In addition to the cast from Curtain Call, All-star Carnival added the following playable characters:

A console version, Theathrhythm: Final Bar Line, came out on February 16, 2023 for the Nintendo Switch and PlayStation 4. It is a console adaptation of All Star Carnival, using the same gameplay mechanics such as chords of multiple notes and the more difficult-to-achieve "rainbow Critical" note judgement. This version allows for local two-player multiplayer and online four-player versus multiplayer. The base game is set to have 385 songs at launch with additional 90 songs pulled from Square Enix's catalouge added via three Season Passes. The Deluxe Edition is notable for including remixes of Final Fantasy VII songs Aerith's Theme and Cosmo Canyon that were originally created for Super Smash Bros. Ultimate.

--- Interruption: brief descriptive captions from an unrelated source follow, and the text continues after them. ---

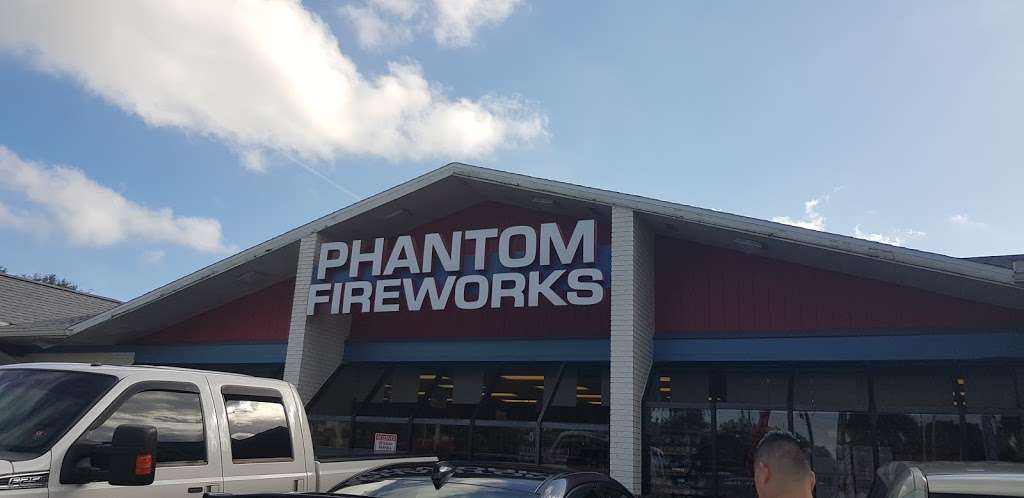 Phantom Fireworks of Melbourne | 4433 W New Haven Ave Rt. 192, Melbourne, FL 32904, USA | Phone: (321) 674-5005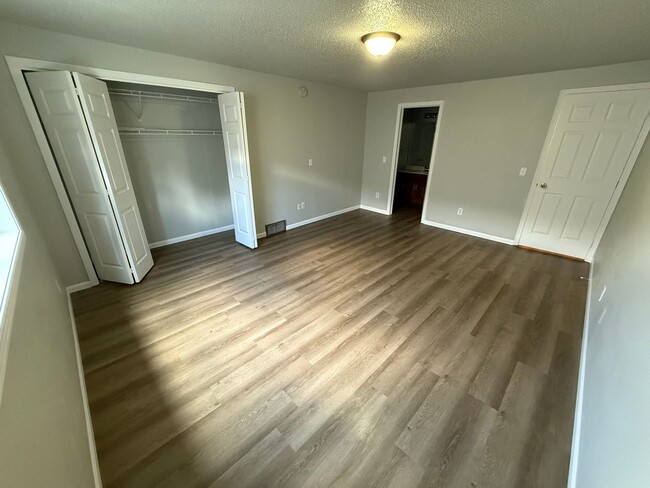 Building Photo - Twin Home For Rent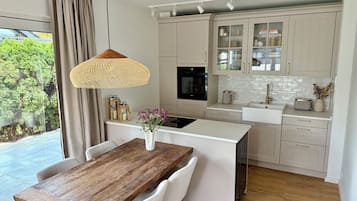 Réfrigérateur, four, plaque de cuisson, lave-vaisselle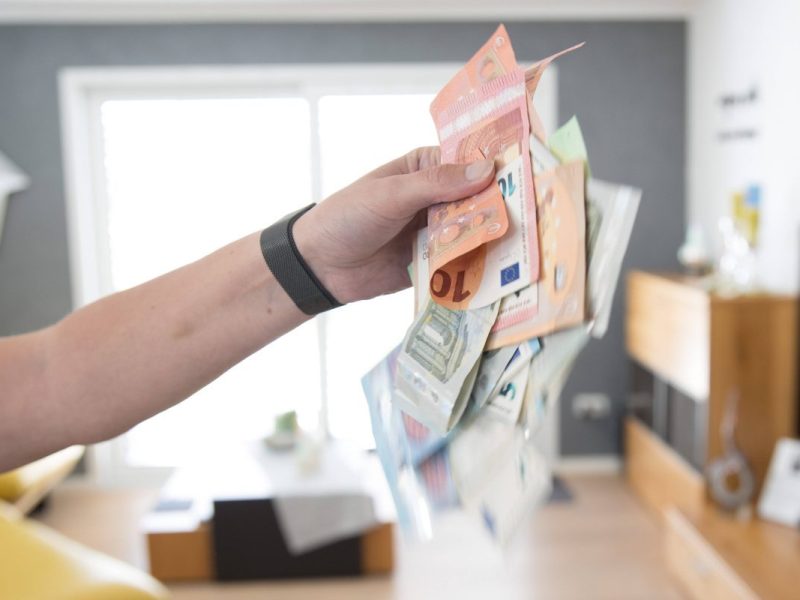 Bonus zum Jahresende beim Gehalt: Weihnachtsgeld kommt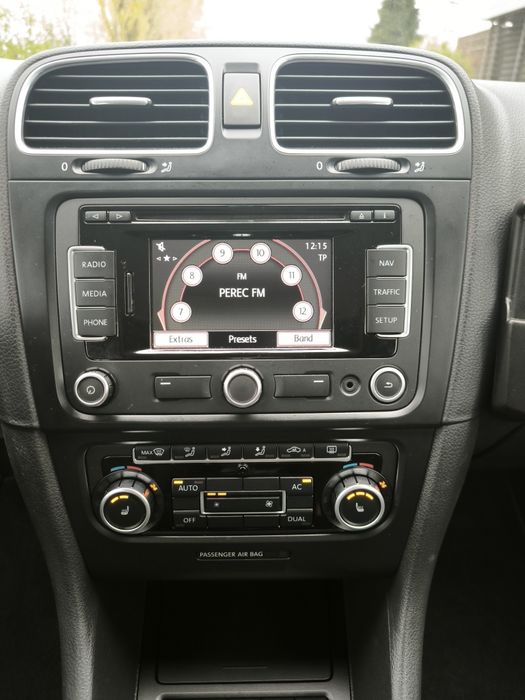 Volkswagen Golf VI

Square-Enix and indieszero would later make other rhythm games based on other franchises which have similar gameplay: Theatrhythm Dragon Quest and Kingdom Hearts: Melody of Memory.


This game contains examples of:

  • Absurdly High Level Cap: In Curtain Call, you have the ability to reset your characters' level back to 1 once it reaches 99 in order to increase their max CP. Assuming you don't use the Collectacard Crystarium, CP maxes out after resetting 10 times, at which point the character gets a nice big star next to their character portrait. (You can continue to reset the character's level after this, but there's no point) So technically, the level cap in this game is 990.
  • Adaptation Dye-Job: For the original 3DS release, Faris had brown eyes and blond hair, being based on her Yoshitaka Amano art. In the iOS version and continuing into Curtain Call, she has the green eyes and purple hair used for her sprites and other artwork pieces.
    • Firion's sprite has blue eyes, despite his eyes being brown in the original game and Dissidia.
  • Allegedly Free Game: The iOS version is "free"... but if you want any of the content, you'll have to pay up. It only comes with two songs.
  • American Kirby Is Hardcore: Played with in a hilarious fashion. The vast majority of the characters have very neutral "default" expressions, which can change depending on the situation. Benjamin, whose game in Japan is called "Final Fantasy USA", is the only character whose default expression is constantly angry.
  • And Your Reward Is Clothes: In Final Bar Line, you can earn outfits for your assistant Moogle as well as skins for the Airship that drops you off at the start of an FMS. Both are entirely cosmetic in nature.
  • Anti-Frustration Features:
    • In Curtain Call, if you play FMS levels with button controls, you don't have to follow the hold triggers exactly like you have to with the stylus: just holding the circle pad in the direction the line is currently travelling causes the cursor to snap to it. Hitting the slide triggers at the end of said hold triggers with button controls takes some getting used to though. Two more are for Chaos Notes in Curtain Call a Fortune Sphere will change a song to a lower difficulty level to make clearing a particularly troublesome song less of a hassle, and a Gambler's Soul will change a song to a random other song of the same type - particularly valuable for changing songs in boss fights into something that will have more triggers (allowing the player to do more damage).
    • Final Bar Line adds a lot of accessibility features, such as color-blind button prompts, sped-up or reduced button prompt speed, obscuring or disabling the background animation, removing camera movement when a summon arrives, disabling special effects, and so on.
  • Apocalyptic Log: Of sorts, in the Collectacard description for the Ahriman monster.
    There is no escaping this evil eye. Once you have met its fearsome gaze, you will never be alone again. Even now I feel the loathsome eye on me. Always it is on me. Where is it? Where is it!? Oh, sweet gods...!
  • Ascended Extra: From a Certain Point of View, this game is A Day in the Limelight for the Avatars.note 
  • Ascended Meme:
    • A possible case. Before the iOS port introduced Ramza with the same ability, Aerith was the only character with the ability "Thoroughbred", which resulted in better chocobos during FMS sequences. A famous VG Cats comic depicts Aerith attempting to breed a gold chocobo and explaining the breeding mechanics to do it to Cloud.
    • One of the passwords to get Safer Sephiroth's card is "Momma's boy"!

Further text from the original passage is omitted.